Could the data below be copied exactly, minus the pictures?

⟨

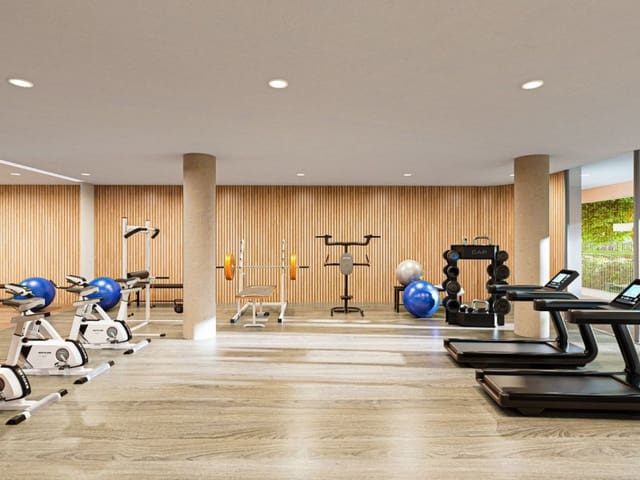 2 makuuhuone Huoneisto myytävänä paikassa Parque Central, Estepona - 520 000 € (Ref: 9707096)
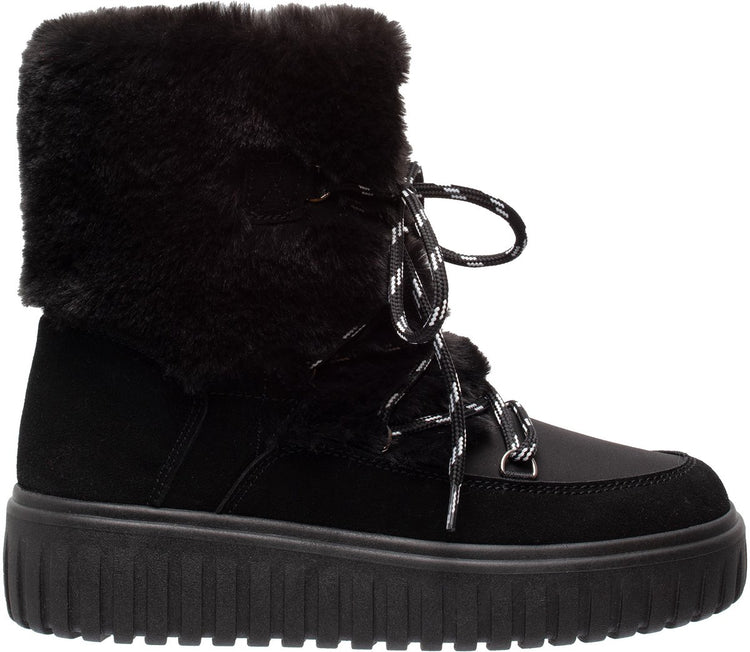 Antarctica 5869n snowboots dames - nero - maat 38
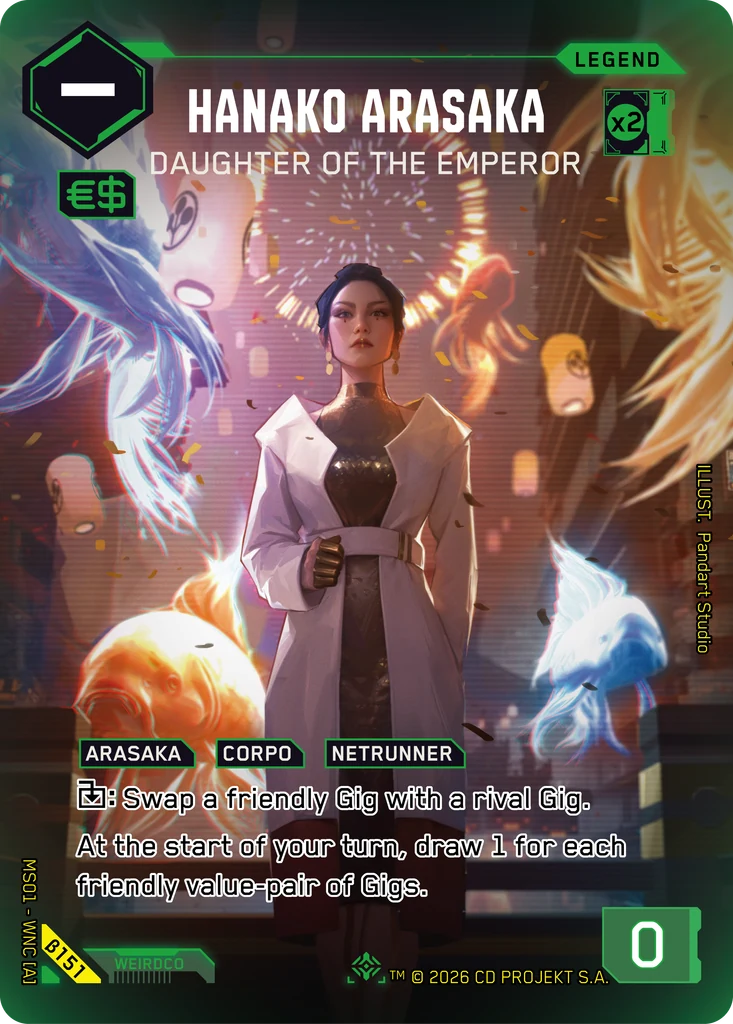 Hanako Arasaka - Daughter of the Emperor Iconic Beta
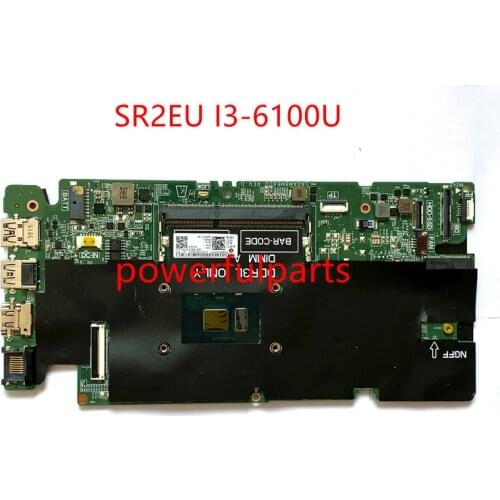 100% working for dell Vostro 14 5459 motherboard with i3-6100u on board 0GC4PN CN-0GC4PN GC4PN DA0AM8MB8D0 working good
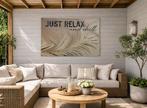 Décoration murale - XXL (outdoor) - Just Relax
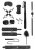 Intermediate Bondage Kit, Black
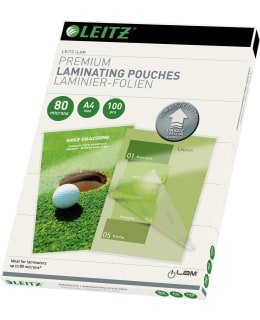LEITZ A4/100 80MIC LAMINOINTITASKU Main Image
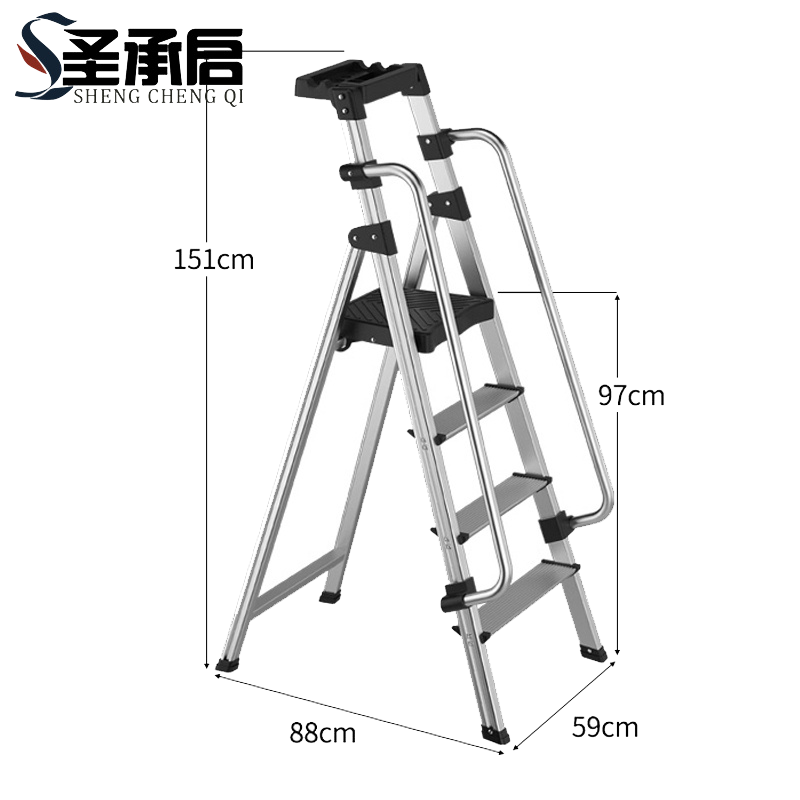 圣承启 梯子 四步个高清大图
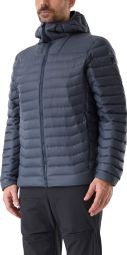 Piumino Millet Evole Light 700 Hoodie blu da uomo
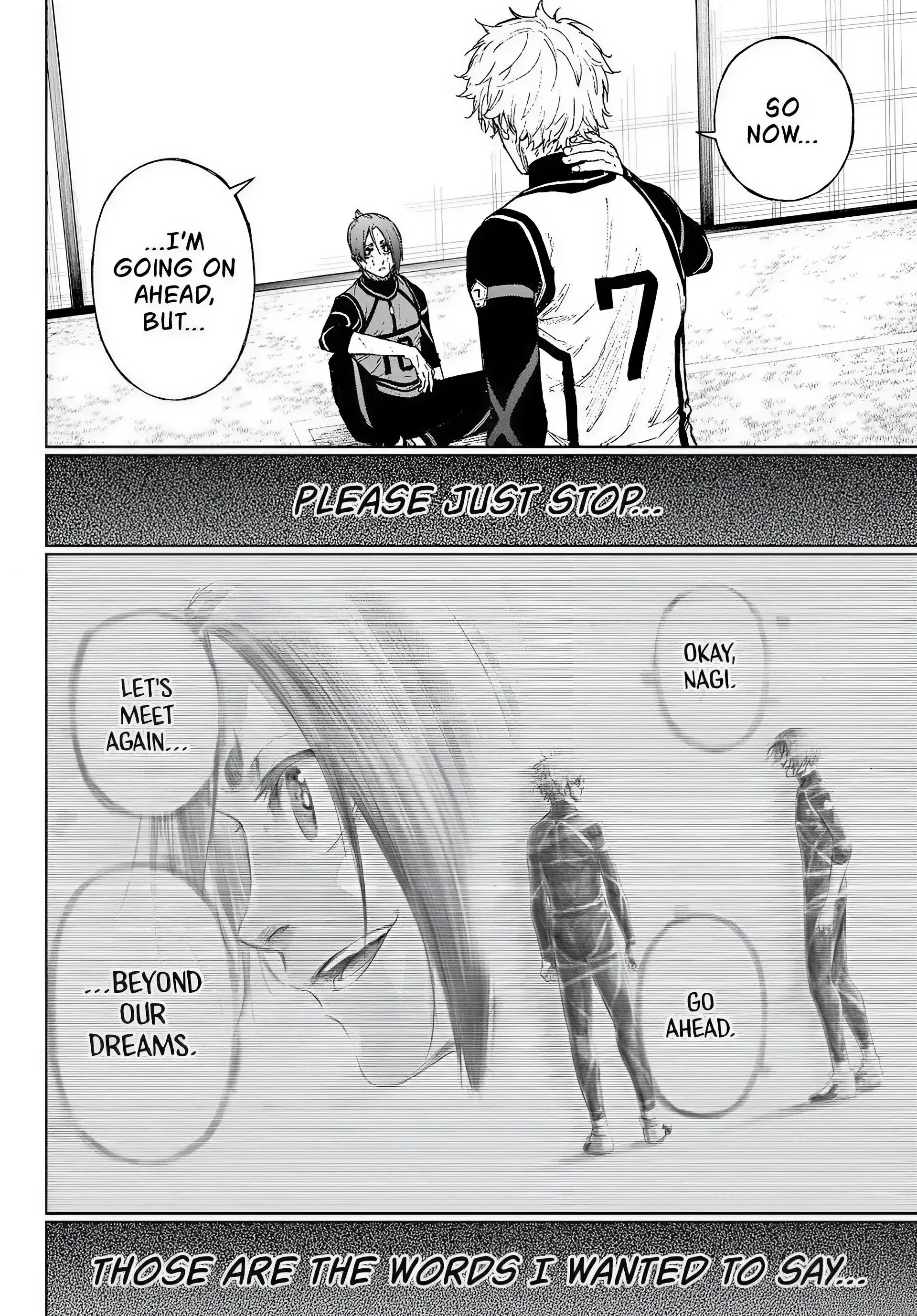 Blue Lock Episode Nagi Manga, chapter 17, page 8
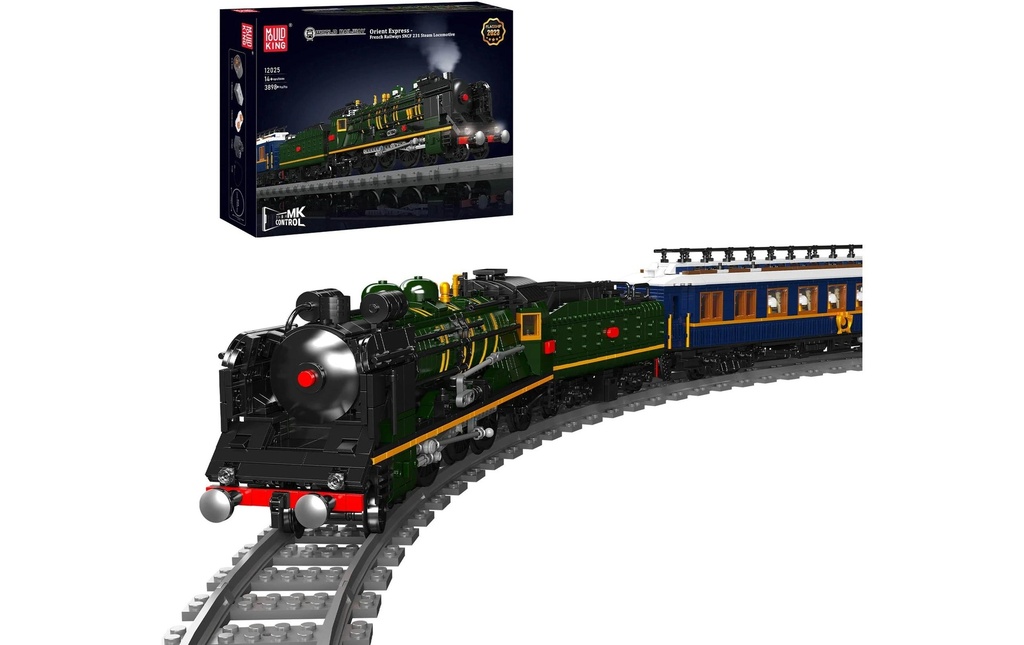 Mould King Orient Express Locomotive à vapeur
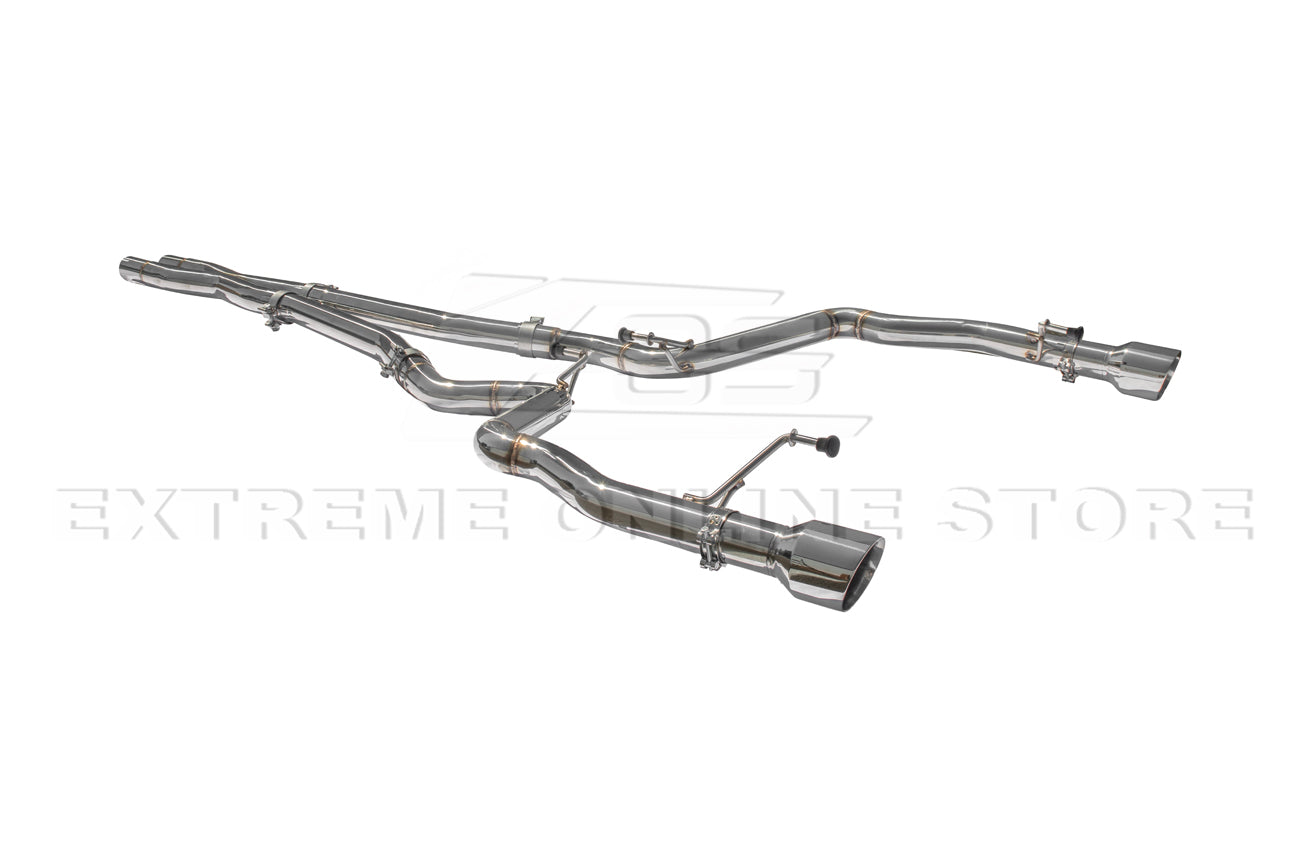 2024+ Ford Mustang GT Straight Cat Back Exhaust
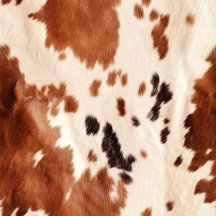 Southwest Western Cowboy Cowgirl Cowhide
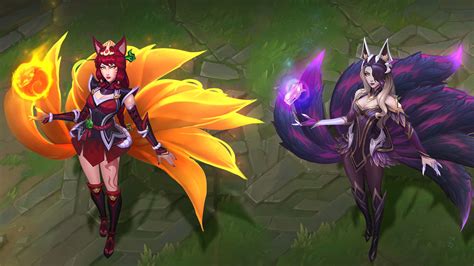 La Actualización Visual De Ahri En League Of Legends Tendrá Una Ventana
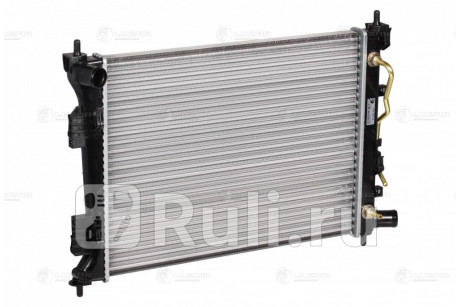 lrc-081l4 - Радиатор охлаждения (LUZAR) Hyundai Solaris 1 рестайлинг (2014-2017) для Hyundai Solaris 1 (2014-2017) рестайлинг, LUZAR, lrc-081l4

⟩

Written reply:
 2 makuuhuone Huoneisto myytävänä paikassa Parque Central, Estepona - 520 000 € (Ref: 9707096)
 Antarctica 5869n snowboots dames - nero - maat 38
 Hanako Arasaka - Daughter of the Emperor Iconic Beta
 100% working for dell Vostro 14 5459 motherboard with i3-6100u on board 0GC4PN CN-0GC4PN GC4PN DA0AM8MB8D0 working good
 Décoration murale - XXL (outdoor) - Just Relax
 Intermediate Bondage Kit, Black
LEITZ A4/100 80MIC LAMINOINTITASKU Main Image
 圣承启 梯子 四步个高清大图
 Piumino Millet Evole Light 700 Hoodie blu da uomo
 Blue Lock Episode Nagi Manga, chapter 17, page 8
 Mould King Orient Express Locomotive à vapeur
 2024+ Ford Mustang GT Straight Cat Back Exhaust
 Southwest Western Cowboy Cowgirl Cowhide
 La Actualización Visual De Ahri En League Of Legends Tendrá Una Ventana
 lrc-081l4 - Радиатор охлаждения (LUZAR) Hyundai Solaris 1 рестайлинг (2014-2017) для Hyundai Solaris 1 (2014-2017) рестайлинг, LUZAR, lrc-081l4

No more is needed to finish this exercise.